Databases, in my opinion, are very much like that too. Any given database uses the same building blocks regardless of the subject matter it contains. A college professor, for example, might have a database to organize her library of poetry and literature, but it would probably not have a component devoted to rare mammals of the tropics. The scientist studying those mammals, on the other hand, would have tables devoted to species and habitats, but probably nothing about rhyme and meter. Yet poet and scientist both rely on the components of a database—tables, attributes and relationships between tables—in exactly the same ways.

The Role of Ambiguity

The problem is that natural languages tend to be a lot more forgiving of ambiguity.
Another way in which we can contrast natural languages and database languages is to recognize that ambiguity is an inherent, and sometimes even a desirable, element of natural language discourse. Poetry relies on it, as do politics and humor. The interplay between two or more possible interpretations of a phrase or sentence delights us, confuses us, and even enrages or mislead us. All of us have employed ambiguity at one time or another to achieve one or more of those goals. And the more skillful the writer, the more enjoyable it can be.

Technical discourse—which is the closest natural language analogue to the relational database applications of interest to us—is the most likely rhetoric to try to limit ambiguity.
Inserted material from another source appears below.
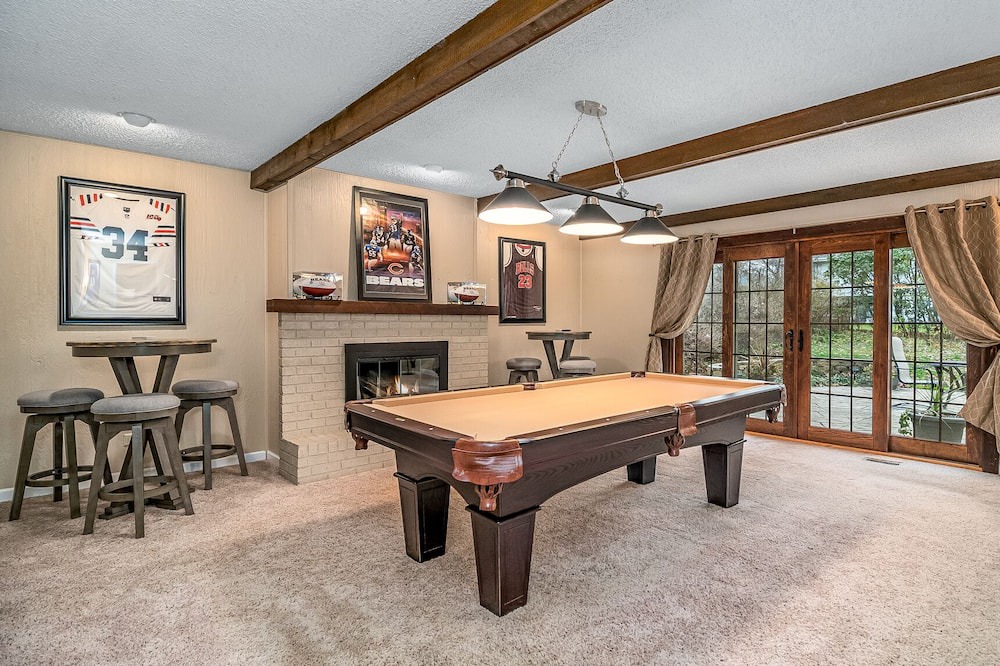 Photo of Others in Elgin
To be useful, the language of a database must exclude ambiguity to the greatest extent possible. That is, after all, one of the primary reasons the scientist goes to the trouble of using it to classify the specimens collected for study. If you can't differentiate between those specimens, what's the point? It matters a great deal that the attributes of a small furry mammal are clearly and unambiguously stored in a table.
So how does this relate to our theory of database design? Let's take a look at the three components needed to "describe" any subject in the language of the database.

The Language of the Database

  • Tables are the Nouns of the Database Language
  • Fields are the Adjectives of the Database Language
  • Relationships are the Verbs of the Database Language

Tables—The "Nouns" of the Database Language

Tables are the objects in which we store data about the subjects of concern to that database. In a database of poetry, we'll need to talk about things like "poets" and "poems", at the very least. If the database is intended to support analysis of poems, then it needs to talk about things like "rhyme" and "meter" and so on. If it's intended to support biographical history of poets, it will need still other tables. Each of those topics—or entities to use a more database-friendly term— is a candidate to become one table. And the names of those things correspond to the names of the tables. A table called Poet", a table called "Poem", a table called "Rhyme", and a table called "Meter" would appear in this database. More importantly, only those things identified as "poems" can be stored in the poem table. On the surface, this seems obvious when we are in the natural language realm. A poem is a poem, not a helicopter. But it's not always that simple, unfortunately. Is James Joyce's Ulysses intended to be a novel or a poem? It's certainly much longer than other poems like a novel is, but the language and style of it set it apart from most novels. It's been compared to Homer's Odyssey, itself an extended poetic tour de force hundreds of pages long. So, poem or novel, or a bit of both? That's where ambiguity fits nicely in a natural language, but much less so in a database. You can talk about Ulysses without ever classifying definitively. You can't store it in a database both as a poem and as a novel.
And that means we have to identify and define the characteristics by which we classify "Poems" in this database. By identifying the appropriate attributes, we can safely store data without ambiguity.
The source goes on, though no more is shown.